Well now, it’s June already which for those of us living in Aotearoa means we are entering into Matariki, sometimes referred to as the Maori New Year. I might post more about Matariki shortly but for now I want to point out that it is a time for reflection, remembrance, connection with family/whanau and new beginnings. We will make a couple of posts on this theme this month as those of you who have been following our trials and tribulations might have realised that we have passed our 12 month goal of being a car-free family during May. More on that soon, as well as the end of the experiment… So in the spirit of Matariki I’m reprinting here the following article I wrote for the Lyttelton News – our local newspaper which comes monthly as part of the Akaroa Mail. It appeared on the front page of the Friday 11th March edition.

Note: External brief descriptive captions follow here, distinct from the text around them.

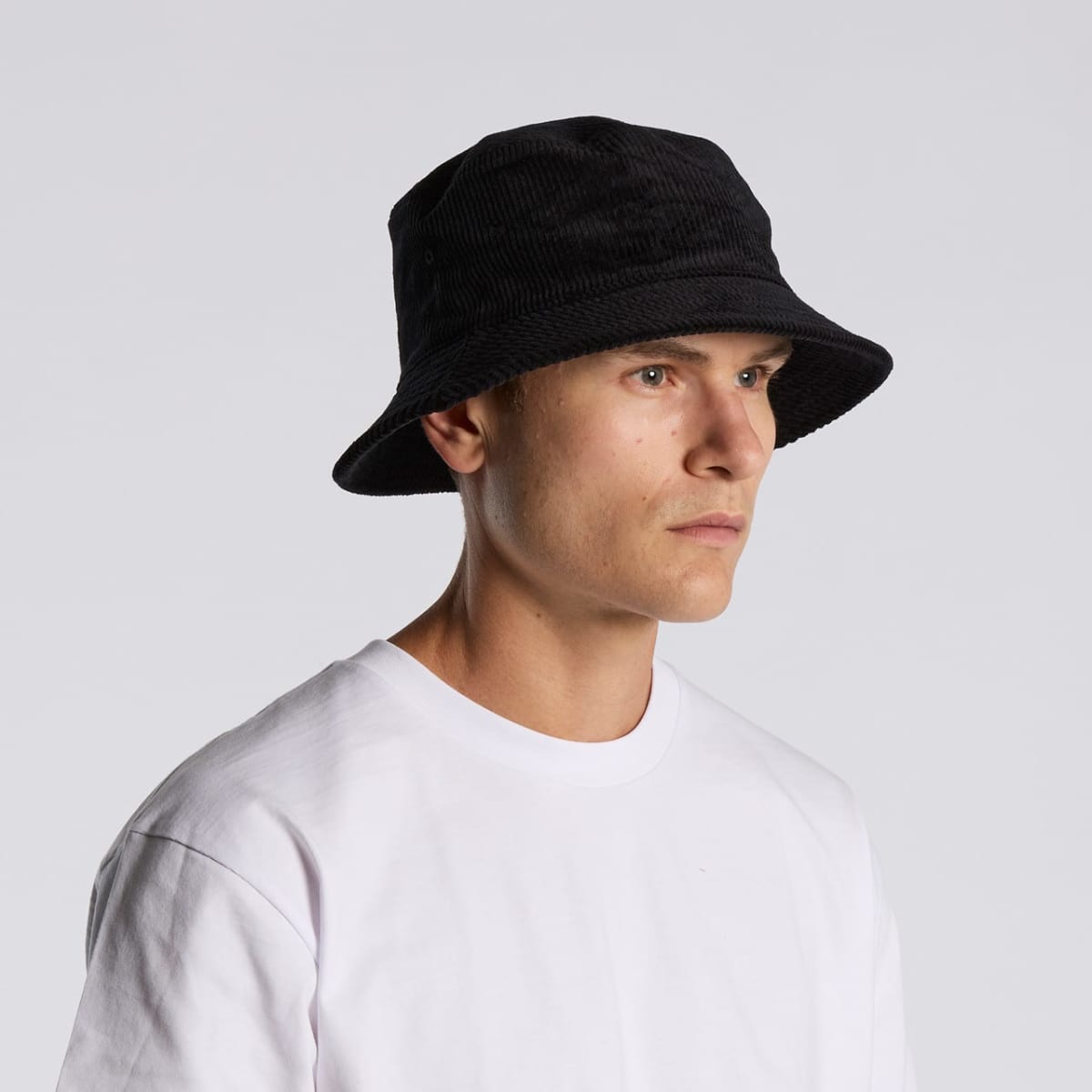 Man in a white shirt and black bucket hat looking to the side against a plain background.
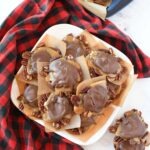 Homemade turtle candies on a white plate with a red plaid napkin.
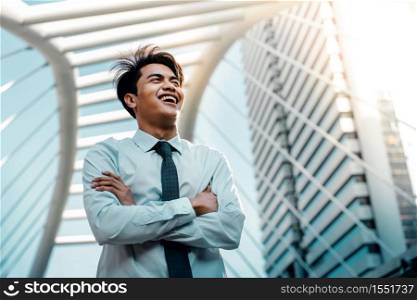 Portrait of a Young Asian Smiling Businessman in the City. Crossed Arms and looking away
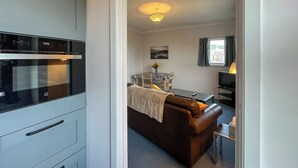 Cozinha com forno moderno, sala de jantar com mesa e cadeiras, e sala de estar com sofá e televisão.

Thank you to Margaret Jefferies for inviting me to submit.
Last year Margaret Jefferies of Project Lyttelton sent me a superbly eloquent definition of sustainability: the possibility of life flourishing forever. In its simplicity it summed up perfectly for me, what I believe is a worthy aspiration for our community. Inherent in the concept of flourishing are all the ingredients of a life well lived, and a strong community, such as: sustainability, engagement, inclusiveness, meaning, resilience and well-being. I like the definition also because there is room for doubt. The possibility of flourishing. It’s not a given, it suggests we must take responsibility and approach the goal of sustainability (flourishing) with purpose. It is possible, there is hope. How we do it is up to us. It is in the act of seeking that we may indeed flourish.

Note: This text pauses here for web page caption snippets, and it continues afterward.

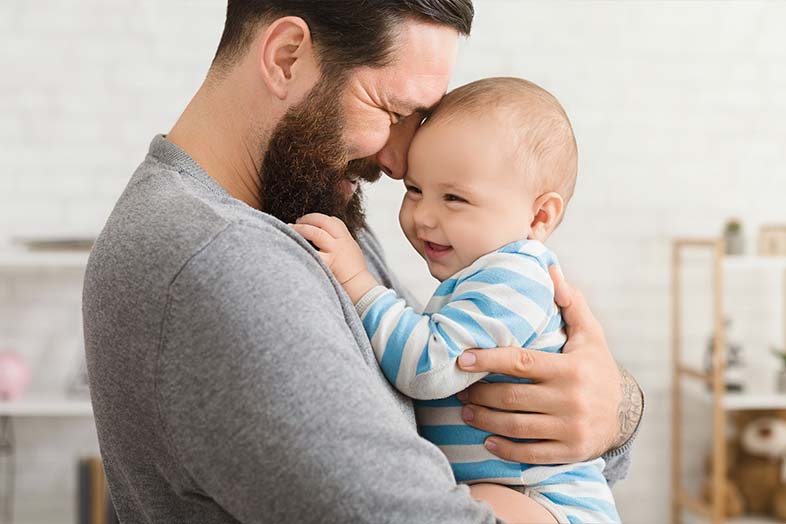 a father holding his baby to his chest as they both smile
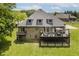 Spacious home featuring a large deck perfect for entertaining, overlooking a well-maintained lawn at 815 Copperfield Ln, Danville, IN 46122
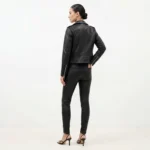 Back view of women’s black studded leather fashion jacket showing smooth leather finish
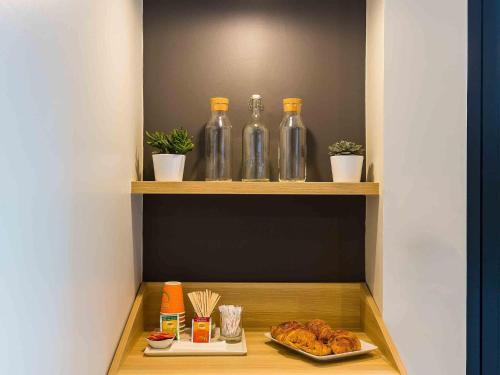 a shelf with bottles and a plate of food at Ibis Styles Paris Place d'Italie - Butte Aux Cailles in Paris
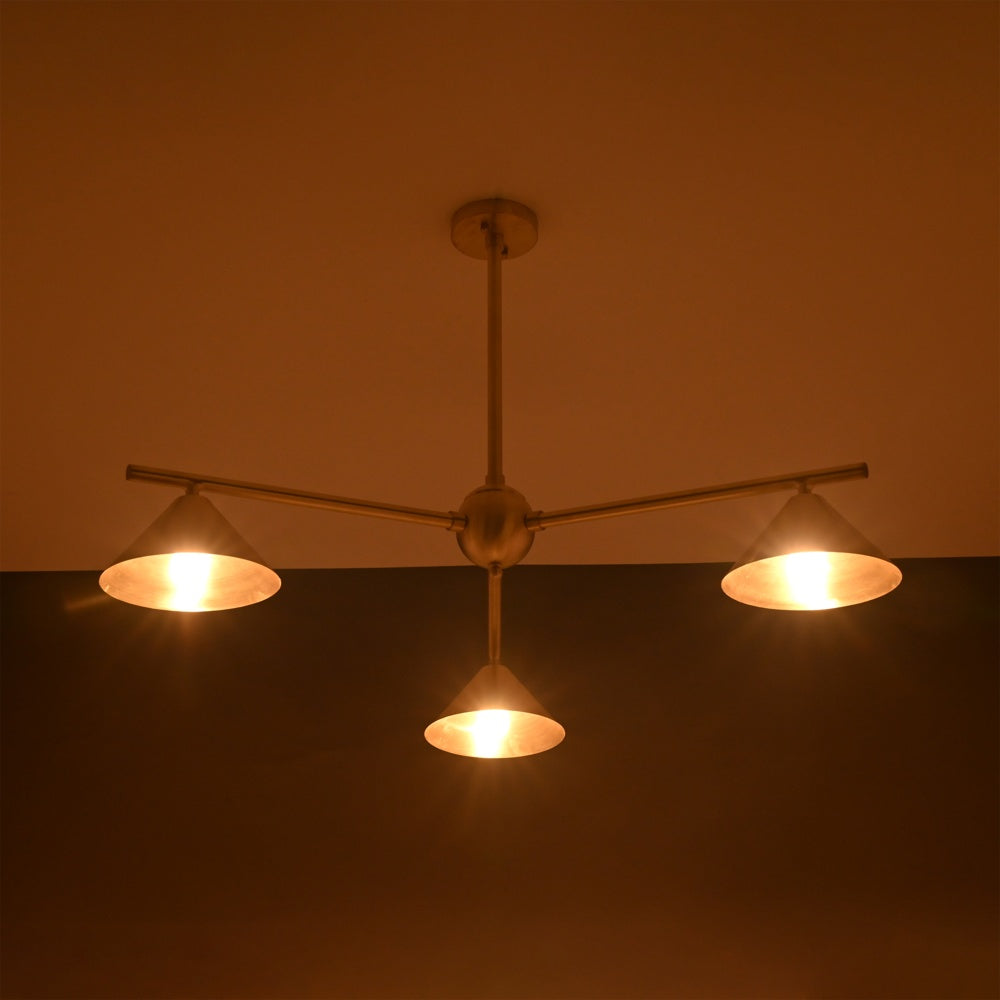 Warm-lit brushed brass chandelier with three cone shades, highlighting elegant sculpted industrial design.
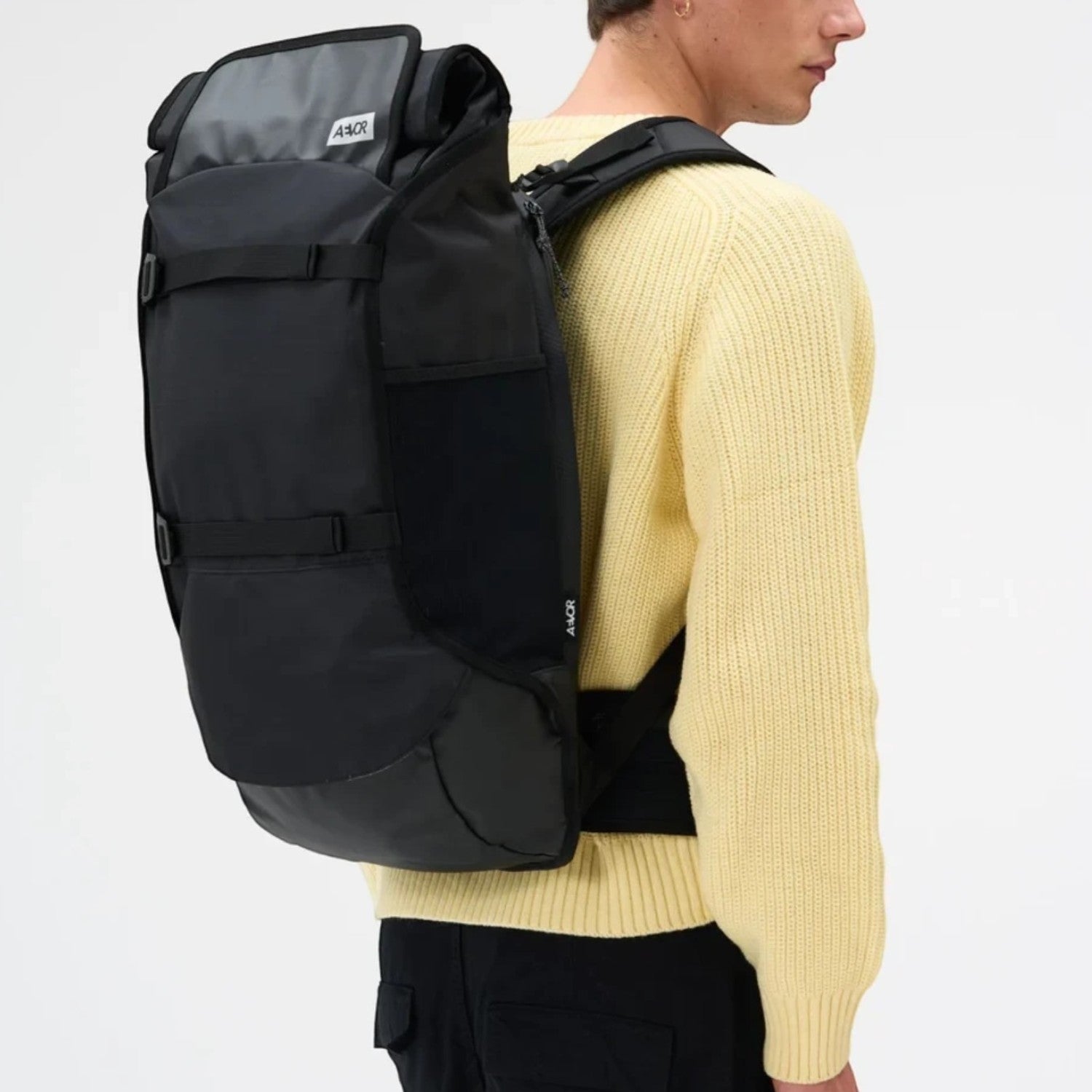 Lieblingstasche Travel Pack black rolltop backpack with adjustable straps worn by a man in a yellow sweater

Right now, as a community we have been faced with a crisis of major proportions. We will move through the stages of emergency response, recovery and eventually, revitalisation. It is how we approach these stages and frame our perspective that determines the quality of the experiences we will have. You could say that this is the measure of our resilience. To put it simply, we can choose to see the earthquake either as purely a catastrophe – the end of many things – rebuilding in haste, without vision, walking backwards into the future or we can acknowledge the tragedy and begin to approach it as an opportunity to re-imagine our community and work to create the flourishing Lyttelton of our dreams. There is no right time for this to happen. No rules or timeframes, it is up to us, together to work it out.
Lyttelton is resilient. I know this because we have so far made it through two major earthquakes, the second a genuine disaster for our town, and still, here we are – working together, helping each other, asking questions, talking about the future. If we are to not only endure and survive but to flourish, we must mix in the best of our resilience with a sustainable approach. Moving forward in a considered way, with vision, be bold and with nothing less than flourishing as our goal. And while we are waiting to get on that bus – let’s do something beautiful.